For The Sunday Gazette
Turn on the TV or scroll through social media and the issues facing older New Yorkers sometimes seem invisible.
But below the radar, a seismic demographic shift is quietly transforming New York: an aging population in full boom.
New York state is graying.
The number of seniors statewide has jumped 26 percent over the past decade, while the under-65 population declined 1 percent.
This rapid aging has enormous implications, and it’s time for elected leaders to take new steps to support older New Yorkers.
Last year, Gov. Andrew Cuomo made New York the first state to join the AARP–World Health Organization Network of Age Friendly States and Communities.
But there’s a lot more he and legislators can do.
A new report from the Center for an Urban Future reveals that the older adult population is growing faster than the overall population in all of
New York’s 20 largest cities and counties; Saratoga County topped the list with a 55 percent explosion over the last decade.
Yet state spending on programs administered through the Office for the Aging is down 40 percent per older adult than in 2000, adjusted for inflation.
What’s more, there are now nearly half a million New Yorkers aged 85 or older – with Albany County seeing an 18 percent increase in the last decade.
The number of 65-plus New Yorkers living in poverty is up 11 percent since 2007—with the sharpest increase in Schenectady County, where the total nearly doubled.
And for older New Yorkers of color, poverty rates are significantly higher: 26 percent for U.S.-born Latinx seniors, 22 percent for Asian American older adults, and 19 percent for African Americans 65 and above.
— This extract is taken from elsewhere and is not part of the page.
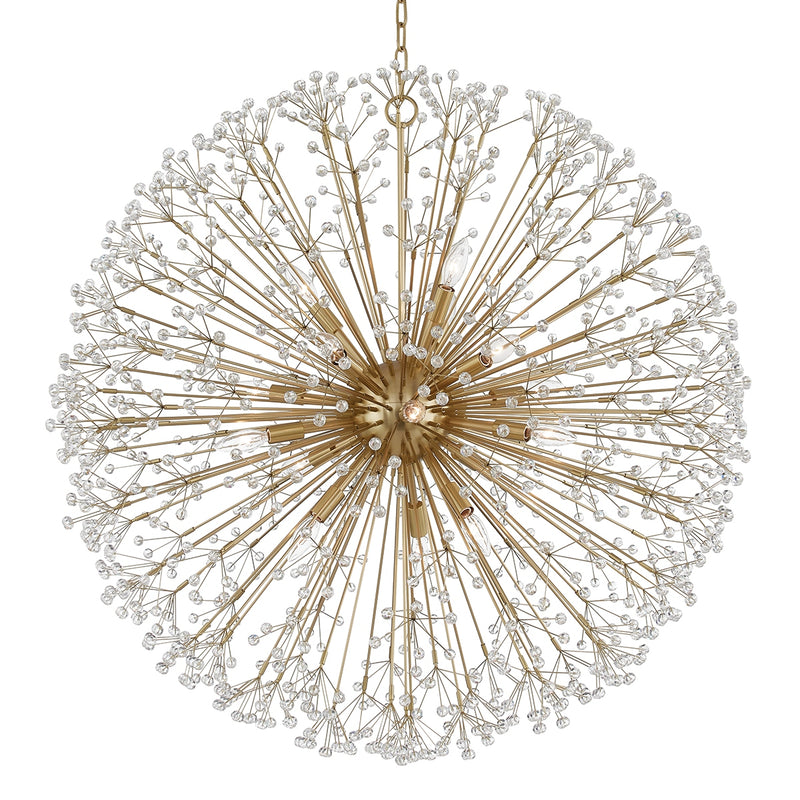Hudson Valley - 6039-AGB - 16 Light Chandelier - Dunkirk - Aged Brass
New York’s older adults are also more diverse than ever:
* The number of 65-plus African Americans more than doubled in Schenectady County and more than tripled in Rensselaer County in the past decade. And the growth in the Latinx older adult population outpaced that of older whites in Schenectady and
Albany counties; the city of Albany’s U.S.-born older adult population is now nearly a quarter non-white.
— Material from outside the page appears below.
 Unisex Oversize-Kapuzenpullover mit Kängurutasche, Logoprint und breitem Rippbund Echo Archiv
* And the number of foreign-born New Yorkers ages 65 and above increased 41 percent over the past decade—more than double the increase among their U.S.-born counterparts.
Today, immigrants make up 28 percent of all older adults in the state. Many of them face unique challenges, and the need for culturally competent services—including in languages other than English—is rising.
To their credit, Gov. Cuomo and state lawmakers have proposed increasing funding by an historic $15 million to $16 million for cost-effective services that help older working- and middle-class New Yorkers remain in their own homes as they age.
This increase must be included in the final state budget due April 1, but lawmakers should add to it; a $25 million boost would help eliminate waiting lists around the state.
Legislators should also enact a tax credit to help family caregivers offset some of thenearly $7,000 each spends out-of-pocket on average for caregiving annually — and support programs to train and retain the state’s dangerously stretched caregiving workforce.
Likewise, New York should take steps to continue protecting older adults from foreclosure and fraud with housing and legal services that will otherwise run out of funding March 31.
These investments make both common sense and fiscal sense; without adequately funding in-home services, people may be forced into nursing homes at a far greater cost to taxpayers. These are among solutions AARP is engaged in developing as part of a multi-year effort to disrupt disparities impacting older communities of color around New York.
The aging of New York’s population is one of the most significant demographic trends in a generation.
By making support for older adults a top priority statewide, elected leaders can help ensure that more New Yorkers can grow older with dignity and security.
Jonathan Bowles is executive director of the Center for an Urban Future, an independent think tank focused on expanding economic opportunity in New York. Beth Finkel is New York State director of AARP.